Keuntungan budidaya maggot ini nggak hanya bisa dirasakan oleh KMJ saja, sebetulnya masyarakat bisa memperoleh dampak positif dari maggot ini lewat plasma maggot. Plasma maggot merupakan skema yang kini tengah dikembangkan oleh KMJ.
"Kami lagi mengembangkan plasma. Plasma itu nanti kita menaruh 1 set box di desa atau kelurahan. Jadi kalau nunggu siklus (sampai jadi baby maggot) 45 hari kelamaan. Kalau di masyarakat itu yang penting penyerapan sampahnya. Jadi kita yang bangun siklus di sini, nanti masyarakat yang ambil baby maggot dari kita. sampah masyarakat terserap, maggot dikasih ke sini itu kita hargai," ujar Endang.
"Katakanlah (dijual) ke kita itu Rp 5000 per 40 kilogram maggot. Itu dia dapet Rp 200 ribu, tapi dipotong biaya baby maggot Rp 80 ribu, jadi dapet keuntungan (bersih) Rp 120 ribu per 10 hari," lanjutnya.
foto: Brilio.net/Hapsari Afdilla
Skema Plasma ini sudah dilirik oleh tiga kelurahan, salah satunya di Gedongkiwo. Brilio.net kemudian mewawancarai Rio, anggota dari komunitas Win On Go sebagai lembaga yang mengelola skema plasma ini di kelurahan Gedongkiwo.
Rio tertarik untuk mencoba skema tersebut sebab dia yakin maggot bisa mengurangi masalah sampah organik, khususnya di kelurahan Gedongkiwo. Selain itu, proses dari baby maggot sampai dewasa cukup cepat juga jadi faktor pendukung.
"Karena dengan berhitung kebutuhan 20kg sampah organik olahan dapur per hari untuk makanan maggot, sebagai solusi menyerap sampah organik di kota Jogja. Jika semua mau bergerak dengan pemindahan sampah terpusat di budidaya maggot seperti di skema yang kami buat di kelurahan Gedongkiwo, sebenernya, soal sampah organik utamanya olahan dapur itu sudah tidak jadi masalah," katanya.
foto: Brilio.net/Hapsari Afdilla
Lebih lanjut, Rio mengatakan skema plasma ini jika dilihat keuntungan secara materi memang belum seberapa. Kecuali skemaini dibuat dalam skala lebih besar dan harga lebih dari Rp 5 ribu. Namun begitu, keuntungan non-materi yang didapat sangat terasa, seperti Sampah Olahan Dapur (SOD) bisa terserap habis berkat maggot.

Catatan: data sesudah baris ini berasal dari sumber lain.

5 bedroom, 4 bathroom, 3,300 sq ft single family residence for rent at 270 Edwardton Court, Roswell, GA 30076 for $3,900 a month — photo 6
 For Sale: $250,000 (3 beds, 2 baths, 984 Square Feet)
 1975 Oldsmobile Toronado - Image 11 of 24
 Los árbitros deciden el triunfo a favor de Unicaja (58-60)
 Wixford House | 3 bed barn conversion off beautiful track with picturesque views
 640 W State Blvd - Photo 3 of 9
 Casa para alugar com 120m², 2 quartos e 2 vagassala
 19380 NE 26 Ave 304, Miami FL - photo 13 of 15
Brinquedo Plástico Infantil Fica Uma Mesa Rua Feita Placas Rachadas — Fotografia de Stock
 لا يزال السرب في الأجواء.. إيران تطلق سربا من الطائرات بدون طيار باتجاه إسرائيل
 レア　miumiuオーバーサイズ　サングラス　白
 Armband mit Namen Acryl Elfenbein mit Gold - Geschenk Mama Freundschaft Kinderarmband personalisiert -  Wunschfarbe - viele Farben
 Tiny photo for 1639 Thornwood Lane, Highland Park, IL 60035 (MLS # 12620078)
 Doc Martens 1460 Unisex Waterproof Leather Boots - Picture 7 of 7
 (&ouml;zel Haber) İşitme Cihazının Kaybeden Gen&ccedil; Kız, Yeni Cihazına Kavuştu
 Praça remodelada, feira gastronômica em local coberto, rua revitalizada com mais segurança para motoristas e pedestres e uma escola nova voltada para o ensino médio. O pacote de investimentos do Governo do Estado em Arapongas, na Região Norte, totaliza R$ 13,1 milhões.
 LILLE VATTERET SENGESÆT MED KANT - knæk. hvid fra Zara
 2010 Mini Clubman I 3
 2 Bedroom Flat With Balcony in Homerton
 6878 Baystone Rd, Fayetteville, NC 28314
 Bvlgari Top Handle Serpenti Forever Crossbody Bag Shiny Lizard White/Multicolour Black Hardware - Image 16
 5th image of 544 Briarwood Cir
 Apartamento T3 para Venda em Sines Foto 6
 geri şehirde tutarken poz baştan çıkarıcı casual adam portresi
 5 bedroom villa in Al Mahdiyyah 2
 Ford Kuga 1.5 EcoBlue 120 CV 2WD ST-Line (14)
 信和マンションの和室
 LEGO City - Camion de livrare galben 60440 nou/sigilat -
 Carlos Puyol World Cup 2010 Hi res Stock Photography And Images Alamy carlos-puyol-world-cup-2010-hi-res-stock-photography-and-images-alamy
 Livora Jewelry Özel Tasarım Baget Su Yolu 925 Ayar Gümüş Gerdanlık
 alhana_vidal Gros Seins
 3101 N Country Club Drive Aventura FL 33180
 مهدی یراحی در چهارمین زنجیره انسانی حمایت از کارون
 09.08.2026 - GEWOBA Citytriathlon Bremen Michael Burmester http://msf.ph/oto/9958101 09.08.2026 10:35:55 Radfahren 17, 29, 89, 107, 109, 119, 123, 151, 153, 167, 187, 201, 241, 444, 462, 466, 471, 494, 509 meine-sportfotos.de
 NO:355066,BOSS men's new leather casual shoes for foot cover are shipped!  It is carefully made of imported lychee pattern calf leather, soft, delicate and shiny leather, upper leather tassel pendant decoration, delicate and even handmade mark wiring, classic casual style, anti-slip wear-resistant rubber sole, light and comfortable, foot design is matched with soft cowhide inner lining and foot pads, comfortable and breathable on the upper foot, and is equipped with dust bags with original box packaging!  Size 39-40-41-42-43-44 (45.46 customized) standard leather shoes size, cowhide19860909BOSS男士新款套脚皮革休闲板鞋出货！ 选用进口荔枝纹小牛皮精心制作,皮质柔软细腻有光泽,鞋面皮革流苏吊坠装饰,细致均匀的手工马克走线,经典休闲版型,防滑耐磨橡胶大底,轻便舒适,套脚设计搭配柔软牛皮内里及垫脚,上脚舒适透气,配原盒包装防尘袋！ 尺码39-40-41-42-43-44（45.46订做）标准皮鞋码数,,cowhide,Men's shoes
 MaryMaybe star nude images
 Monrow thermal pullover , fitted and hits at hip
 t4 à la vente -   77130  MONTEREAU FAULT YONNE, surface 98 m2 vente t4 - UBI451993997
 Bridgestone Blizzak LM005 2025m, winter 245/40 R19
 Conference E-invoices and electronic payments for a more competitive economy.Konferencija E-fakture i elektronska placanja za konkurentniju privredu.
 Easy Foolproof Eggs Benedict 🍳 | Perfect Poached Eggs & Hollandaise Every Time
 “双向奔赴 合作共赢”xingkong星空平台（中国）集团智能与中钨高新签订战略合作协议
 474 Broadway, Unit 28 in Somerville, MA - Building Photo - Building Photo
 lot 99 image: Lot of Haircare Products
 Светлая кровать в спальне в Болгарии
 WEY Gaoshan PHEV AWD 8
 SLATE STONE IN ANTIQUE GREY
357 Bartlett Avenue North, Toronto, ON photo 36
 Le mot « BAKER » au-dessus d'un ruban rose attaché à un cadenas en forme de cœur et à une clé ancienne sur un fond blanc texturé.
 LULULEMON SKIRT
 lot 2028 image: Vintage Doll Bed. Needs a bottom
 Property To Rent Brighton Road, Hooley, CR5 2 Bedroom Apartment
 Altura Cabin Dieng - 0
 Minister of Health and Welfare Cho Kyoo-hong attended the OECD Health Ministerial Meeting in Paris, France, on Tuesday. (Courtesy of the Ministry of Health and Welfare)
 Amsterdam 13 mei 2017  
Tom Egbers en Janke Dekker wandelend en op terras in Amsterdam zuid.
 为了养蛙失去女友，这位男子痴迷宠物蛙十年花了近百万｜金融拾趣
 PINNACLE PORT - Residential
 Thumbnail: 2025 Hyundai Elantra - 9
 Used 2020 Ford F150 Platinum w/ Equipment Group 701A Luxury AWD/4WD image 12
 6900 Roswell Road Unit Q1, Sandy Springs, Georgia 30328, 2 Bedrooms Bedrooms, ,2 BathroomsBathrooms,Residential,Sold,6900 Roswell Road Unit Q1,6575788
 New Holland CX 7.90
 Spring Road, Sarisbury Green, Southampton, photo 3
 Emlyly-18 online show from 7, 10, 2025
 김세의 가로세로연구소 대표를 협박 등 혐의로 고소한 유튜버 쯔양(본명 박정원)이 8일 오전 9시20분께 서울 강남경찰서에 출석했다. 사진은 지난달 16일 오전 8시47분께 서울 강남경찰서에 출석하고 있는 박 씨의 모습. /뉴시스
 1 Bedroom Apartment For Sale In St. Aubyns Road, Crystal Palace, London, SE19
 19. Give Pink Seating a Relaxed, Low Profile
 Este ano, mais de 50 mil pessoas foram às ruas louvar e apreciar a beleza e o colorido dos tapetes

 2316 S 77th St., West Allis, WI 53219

"Kalo secara keuntungan materi mungkin belum seberapa ya jika untuk awalan. Ga cukup secara hitungan keuangan. Kecuali dalam skala lebih dan harga lebih dari Rp 5 ribu. Namun non materi sudah jelas bahwa di lembaga win on go kemudian bersama FKWA , menjadi mampu terus mengedukasi dan memberi solusi terkait lingkungan, khususnya sampah," jelasnya.
foto: Brilio.net/Hapsari Afdilla
Sama seperti upaya pengelolaan sampah lainnya, tentu ditemukan kendala lapangan yang dihadapi masyarakat terkait mengurai limbah organik ini. Menurut Rio, perlu keseragaman dan penyebaran informasi yang lebih baik, utamanya soal teknis budidaya maggot ini.
Oleh karena itu, Endang selaku ketua FKWA dan pengawas dari KMJ masih menerapkan skema ini di lingkup Kota Jogja saja. Tujuannya untuk mengurangi sampah olahan dapur masyarakat Jogja. Selain itu, Endang juga rajin berkeliling untuk memberikan bimbingan terkait budidaya maggot ini, supaya masyarakat semua bergerak dan bisa menjalankannya secara gotong royong.
foto: Brilio.net/Hapsari Afdilla
Kembali lagi ke Kandang Maggot Jogja, meskipun omset yang didapat belum seberapa, tapi dengan produk maggot dan kasgot yang dijual bisa dipakai untuk biaya operasional Kandang Maggot Jogja. Sebuah pencapaian yang cukup bagus, mengingat KMJ baru berusia 2 tahun lebih, namun bisa menunjukkan progres yang bagus.
Kesimpulannya, banyak cara yang bisa dilakukan oleh masyarakat untuk mengelola sampah rumah tangga yang kini terus menumpuk. Bisa dengan program bank sampah yang sudah lama berjalan, atau bisa juga dengan budidaya maggot yang simpel dan menguntungkan.